Exercise prompt
Please give back, exactly as written, the lines from the line with "Leitz Aufbewahrungsbox MyBox" to the line with "8416 Ainsworth, Tacoma, WA 98444" in the listing below, leaving out all pictures.

Data for review
# # #

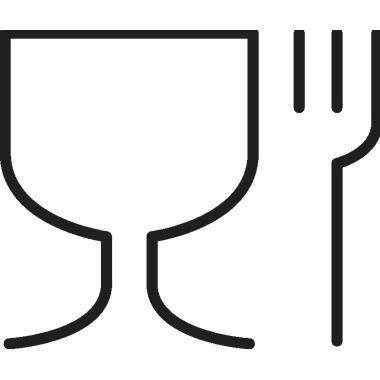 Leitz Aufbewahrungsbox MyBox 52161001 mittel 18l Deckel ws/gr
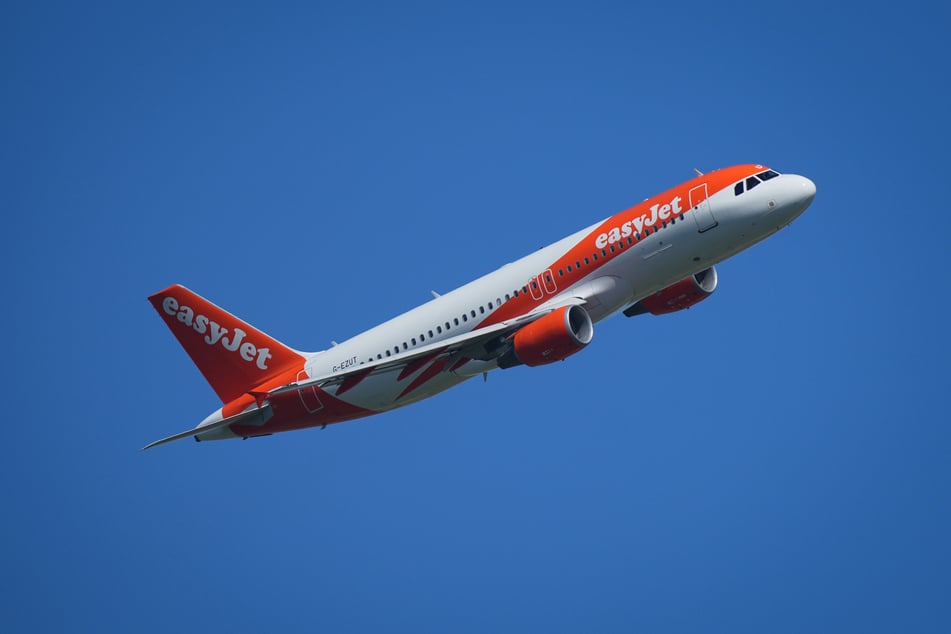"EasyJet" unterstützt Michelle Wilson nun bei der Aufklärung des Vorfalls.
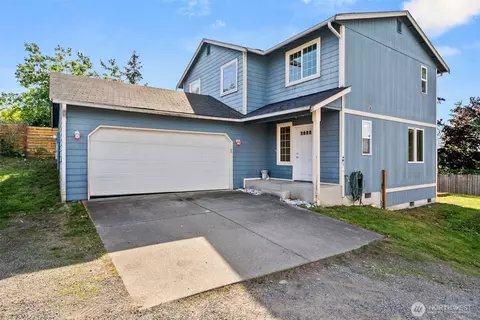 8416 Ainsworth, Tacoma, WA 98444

# # #

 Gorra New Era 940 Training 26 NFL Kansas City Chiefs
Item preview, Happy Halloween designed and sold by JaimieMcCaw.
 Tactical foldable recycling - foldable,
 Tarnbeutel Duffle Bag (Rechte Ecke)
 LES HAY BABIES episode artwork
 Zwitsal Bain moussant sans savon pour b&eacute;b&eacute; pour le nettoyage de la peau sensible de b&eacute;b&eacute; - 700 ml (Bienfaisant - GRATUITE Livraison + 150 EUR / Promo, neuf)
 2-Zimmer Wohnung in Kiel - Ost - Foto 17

# # #

Finished task
 Leitz Aufbewahrungsbox MyBox 52161001 mittel 18l Deckel ws/gr
"EasyJet" unterstützt Michelle Wilson nun bei der Aufklärung des Vorfalls.
 8416 Ainsworth, Tacoma, WA 98444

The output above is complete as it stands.